Problem »
Could you print the data that follows exactly as given?

(Material provided begins)

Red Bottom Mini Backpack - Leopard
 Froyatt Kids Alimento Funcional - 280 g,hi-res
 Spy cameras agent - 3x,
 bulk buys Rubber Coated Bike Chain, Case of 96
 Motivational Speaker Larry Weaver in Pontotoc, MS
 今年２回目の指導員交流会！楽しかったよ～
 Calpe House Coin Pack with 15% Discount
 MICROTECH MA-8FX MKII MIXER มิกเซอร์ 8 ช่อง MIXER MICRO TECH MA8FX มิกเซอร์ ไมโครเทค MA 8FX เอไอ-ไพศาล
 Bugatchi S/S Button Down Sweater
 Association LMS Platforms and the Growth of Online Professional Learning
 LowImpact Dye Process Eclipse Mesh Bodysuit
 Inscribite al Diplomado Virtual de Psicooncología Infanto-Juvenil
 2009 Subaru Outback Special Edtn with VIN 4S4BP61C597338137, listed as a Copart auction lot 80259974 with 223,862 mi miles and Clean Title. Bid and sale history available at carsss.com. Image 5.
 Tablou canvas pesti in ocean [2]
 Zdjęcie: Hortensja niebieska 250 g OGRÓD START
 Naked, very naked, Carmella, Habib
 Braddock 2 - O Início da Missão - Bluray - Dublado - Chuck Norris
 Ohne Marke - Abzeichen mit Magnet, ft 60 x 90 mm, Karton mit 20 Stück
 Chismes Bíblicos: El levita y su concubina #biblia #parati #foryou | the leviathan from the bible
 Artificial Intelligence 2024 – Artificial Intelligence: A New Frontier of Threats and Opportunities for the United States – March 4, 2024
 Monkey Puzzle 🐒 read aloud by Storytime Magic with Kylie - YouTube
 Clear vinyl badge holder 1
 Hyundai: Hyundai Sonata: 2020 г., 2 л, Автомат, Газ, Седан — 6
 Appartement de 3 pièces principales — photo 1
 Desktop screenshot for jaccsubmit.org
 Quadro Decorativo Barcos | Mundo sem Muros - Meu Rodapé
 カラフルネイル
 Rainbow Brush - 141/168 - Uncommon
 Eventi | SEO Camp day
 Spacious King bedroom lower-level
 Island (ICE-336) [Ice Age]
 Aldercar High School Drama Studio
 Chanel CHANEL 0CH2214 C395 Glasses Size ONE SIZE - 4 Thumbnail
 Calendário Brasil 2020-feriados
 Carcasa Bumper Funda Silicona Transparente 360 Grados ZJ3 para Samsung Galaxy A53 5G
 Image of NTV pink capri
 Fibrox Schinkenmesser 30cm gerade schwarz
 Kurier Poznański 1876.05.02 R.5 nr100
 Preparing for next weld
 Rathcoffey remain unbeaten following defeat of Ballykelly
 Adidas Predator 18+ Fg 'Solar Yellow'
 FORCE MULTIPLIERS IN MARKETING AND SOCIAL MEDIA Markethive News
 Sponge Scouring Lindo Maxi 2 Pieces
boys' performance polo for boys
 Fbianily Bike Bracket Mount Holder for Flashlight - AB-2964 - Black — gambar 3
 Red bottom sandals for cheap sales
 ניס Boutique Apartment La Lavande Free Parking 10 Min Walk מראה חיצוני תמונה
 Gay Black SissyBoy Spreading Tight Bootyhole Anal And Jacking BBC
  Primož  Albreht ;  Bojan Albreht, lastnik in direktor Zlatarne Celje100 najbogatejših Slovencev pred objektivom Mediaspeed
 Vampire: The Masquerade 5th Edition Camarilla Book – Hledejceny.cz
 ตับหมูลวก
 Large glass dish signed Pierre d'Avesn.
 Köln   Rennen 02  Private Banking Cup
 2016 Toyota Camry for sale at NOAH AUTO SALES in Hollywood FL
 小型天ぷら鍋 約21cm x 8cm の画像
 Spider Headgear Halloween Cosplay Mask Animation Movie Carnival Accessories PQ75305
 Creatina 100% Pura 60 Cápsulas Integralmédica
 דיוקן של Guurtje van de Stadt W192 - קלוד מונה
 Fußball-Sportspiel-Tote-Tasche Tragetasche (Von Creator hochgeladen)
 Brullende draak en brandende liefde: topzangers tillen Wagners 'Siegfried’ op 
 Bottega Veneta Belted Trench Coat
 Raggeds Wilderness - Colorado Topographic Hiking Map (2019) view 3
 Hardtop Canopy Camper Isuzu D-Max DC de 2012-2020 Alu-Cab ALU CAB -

(Material provided ends)

Written response »
Red Bottom Mini Backpack - Leopard
 Froyatt Kids Alimento Funcional - 280 g,hi-res
 Spy cameras agent - 3x,
 bulk buys Rubber Coated Bike Chain, Case of 96
 Motivational Speaker Larry Weaver in Pontotoc, MS
 今年２回目の指導員交流会！楽しかったよ～
 Calpe House Coin Pack with 15% Discount
 MICROTECH MA-8FX MKII MIXER มิกเซอร์ 8 ช่อง MIXER MICRO TECH MA8FX มิกเซอร์ ไมโครเทค MA 8FX เอไอ-ไพศาล
 Bugatchi S/S Button Down Sweater
 Association LMS Platforms and the Growth of Online Professional Learning
 LowImpact Dye Process Eclipse Mesh Bodysuit
 Inscribite al Diplomado Virtual de Psicooncología Infanto-Juvenil
 2009 Subaru Outback Special Edtn with VIN 4S4BP61C597338137, listed as a Copart auction lot 80259974 with 223,862 mi miles and Clean Title. Bid and sale history available at carsss.com. Image 5.
 Tablou canvas pesti in ocean [2]
 Zdjęcie: Hortensja niebieska 250 g OGRÓD START
 Naked, very naked, Carmella, Habib
 Braddock 2 - O Início da Missão - Bluray - Dublado - Chuck Norris
 Ohne Marke - Abzeichen mit Magnet, ft 60 x 90 mm, Karton mit 20 Stück
 Chismes Bíblicos: El levita y su concubina #biblia #parati #foryou | the leviathan from the bible
 Artificial Intelligence 2024 – Artificial Intelligence: A New Frontier of Threats and Opportunities for the United States – March 4, 2024
 Monkey Puzzle 🐒 read aloud by Storytime Magic with Kylie - YouTube
 Clear vinyl badge holder 1
 Hyundai: Hyundai Sonata: 2020 г., 2 л, Автомат, Газ, Седан — 6
 Appartement de 3 pièces principales — photo 1
 Desktop screenshot for jaccsubmit.org
 Quadro Decorativo Barcos | Mundo sem Muros - Meu Rodapé
 カラフルネイル
 Rainbow Brush - 141/168 - Uncommon
 Eventi | SEO Camp day
 Spacious King bedroom lower-level
 Island (ICE-336) [Ice Age]
 Aldercar High School Drama Studio
 Chanel CHANEL 0CH2214 C395 Glasses Size ONE SIZE - 4 Thumbnail
 Calendário Brasil 2020-feriados
 Carcasa Bumper Funda Silicona Transparente 360 Grados ZJ3 para Samsung Galaxy A53 5G
 Image of NTV pink capri
 Fibrox Schinkenmesser 30cm gerade schwarz
 Kurier Poznański 1876.05.02 R.5 nr100
 Preparing for next weld
 Rathcoffey remain unbeaten following defeat of Ballykelly
 Adidas Predator 18+ Fg 'Solar Yellow'
 FORCE MULTIPLIERS IN MARKETING AND SOCIAL MEDIA Markethive News
 Sponge Scouring Lindo Maxi 2 Pieces
boys' performance polo for boys
 Fbianily Bike Bracket Mount Holder for Flashlight - AB-2964 - Black — gambar 3
 Red bottom sandals for cheap sales
 ניס Boutique Apartment La Lavande Free Parking 10 Min Walk מראה חיצוני תמונה
 Gay Black SissyBoy Spreading Tight Bootyhole Anal And Jacking BBC
  Primož  Albreht ;  Bojan Albreht, lastnik in direktor Zlatarne Celje100 najbogatejših Slovencev pred objektivom Mediaspeed
 Vampire: The Masquerade 5th Edition Camarilla Book – Hledejceny.cz
 ตับหมูลวก
 Large glass dish signed Pierre d'Avesn.
 Köln   Rennen 02  Private Banking Cup
 2016 Toyota Camry for sale at NOAH AUTO SALES in Hollywood FL
 小型天ぷら鍋 約21cm x 8cm の画像
 Spider Headgear Halloween Cosplay Mask Animation Movie Carnival Accessories PQ75305
 Creatina 100% Pura 60 Cápsulas Integralmédica
 דיוקן של Guurtje van de Stadt W192 - קלוד מונה
 Fußball-Sportspiel-Tote-Tasche Tragetasche (Von Creator hochgeladen)
 Brullende draak en brandende liefde: topzangers tillen Wagners 'Siegfried’ op 
 Bottega Veneta Belted Trench Coat
 Raggeds Wilderness - Colorado Topographic Hiking Map (2019) view 3
 Hardtop Canopy Camper Isuzu D-Max DC de 2012-2020 Alu-Cab ALU CAB -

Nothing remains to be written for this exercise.